Key Losses: G Eric Devendorf, G Jonny Flynn, F Paul Harris, F Kristof Ongenaet
The top three scorers may be gone, but Syracuse does not lack a scoring punch thanks to the return of Andy Rautins. Rautins only started ten games last year, but he is a superb outside shooter who managed to tally 10.5 points per game despite so much talent in front of him. The only problem with Rautins game is the fact that he is a pretty much just an outside shooter. Without Flynn or Harris driving to the basket, it may be more difficult for Rautins to find open looks this season. Mookie Jones only played in nine games last year and was redshirted, but the 6-6 wing is a dynamic scorer who could be the answer at the small forward position.
The focus on Coach Jim Boeheim’s team will switch to the frontcourt this season due to the return of Arinze Onuaku and Rick Jackson. Onuaku averaged 10.3 points and 7.3 rebounds last year and could average a double-double during his senior season. Rick Jackson turned into a perfect complimentary player to Onuaku last season. He may not score as much or grab as many rebounds, but Jackson will certainly do plenty of both. Where Jackson really shines is on the defensive end of the floor.
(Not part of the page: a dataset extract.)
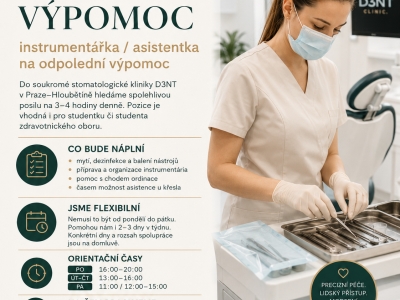 HLEDÁME VÝPOMOC DO STOMATOLOGICKÉ ORDINACE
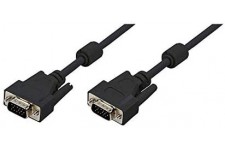 LogiLink CV0016 Cable VGA en ferrite core Male/Male Double Blindage 10 m Noir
While the opposing offense worries about getting past the 6-9, 275 pound Onuaku, Jackson will come from the weak side and block a couple shots per game. Kris Joseph had a promising freshman campaign and should be a capable backup after tallying 3.4 points and 2.4 rebounds in limited action last season.
Who’s In for Syracuse:
Forward DaShonte Riley highlights the group of incoming freshmen. The 6-11 Detroit, Michigan native will be a dominating interior presence in the years to come, but he is a little raw and will need some time to develop. And that works out fine in an Orange frontcourt that is full of talent. James Southerland is not as highly touted as Riley, but the 6-7 forward could work his way into the regular rotation at some point. The other incoming freshman is combo guard Brandon Triche, who may be pressed into action early. While the incoming freshmen might spend some time paying their dues, Wesley Johnson, a 6-7 transfer from Iowa State, is expected to contribute immediately.
Scoop Jardine did a decent job running the point on a part-time basis two years ago, but he missed all of last season. He has been working hard to become a leader and a better ballhandler and he must turn into a scoring threat as well as a quality point guard if Syracuse hopes to go back to the NCAA Tournament.
Final 2009-2010 Syracuse Projection:
If Jardine can manage to be a productive point guard and be a halfway decent scorer, the Orange have the weapons to make it back to the big dance. Syracuse has some great players in the frontcourt who will now step into the limelight and that should give Rautins plenty of open looks while the opposition attempts to clog the paint. However, the lack of depth on the perimeter is a concern and that could prove to be the difference between the NCAA and the NIT.